I don’t know about yours, but my onboard story sensor flashed green!
She gave me her card. Actually, by the end of the interview, she was fairly nice. I saw how it would wear on a person, if you were from around here—as she was—and if you loved the place, to have entitled outsiders bursting in the doors, people who remember that your state exists only on Derby Day and when something fantastically horrible happens, and they’re demanding (as occurred in nearby Manchester) to be “taken to the crazy hayseeds who killed the government man.” The captain knew how people around the country perceived her and her colleagues. She also knew she was good at her job.

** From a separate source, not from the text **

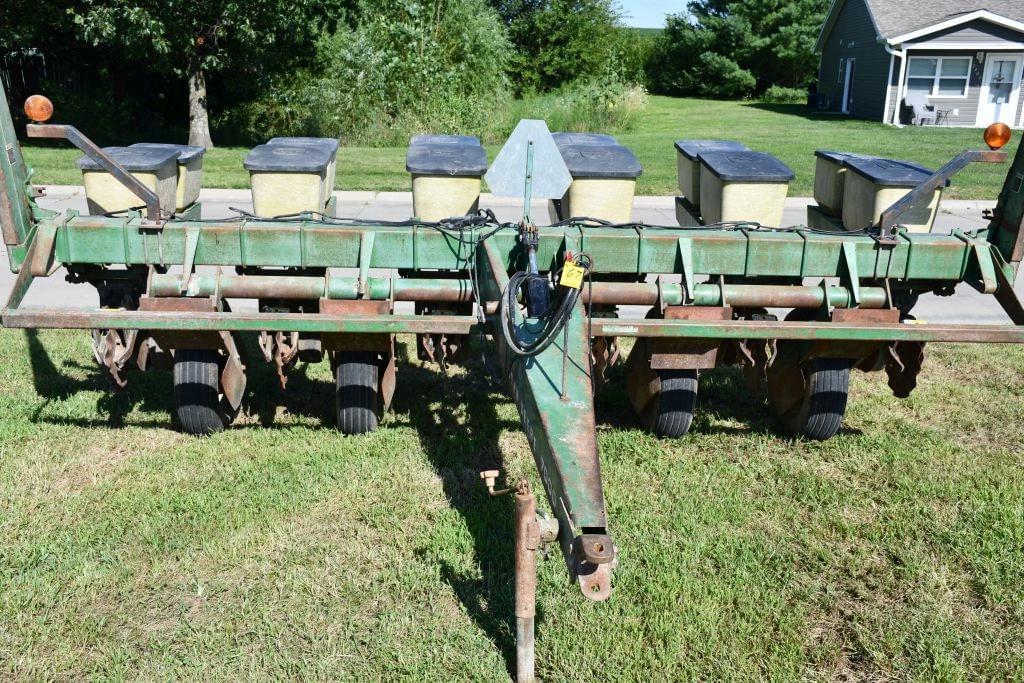 Image of John Deere 7000 Primary image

The combination would irk a person.
Her subordinate, a male officer who stood silent through most of the interview, did say one memorable thing—that he believed, however this case ended up, or if it did, people were going to talk about it for a long time.
They wished me luck.
* * *
The hillside cemetery where Bill Sparkman died was visually exquisite in the way that southeastern Kentucky—which has a topographically secretive cove-and-cave-riven landscape—can be abruptly and gasp-inducingly pretty when a small road opens onto some clearing. If Sparkman hanged or garroted himself there, as some believe, it was a dramatic choice of setting. The Ohio tourists who found his body while visiting family graves and came away feeling strongly that Sparkman had not committed suicide but been cruelly murdered, later told reporters that he seemed to have been left on display.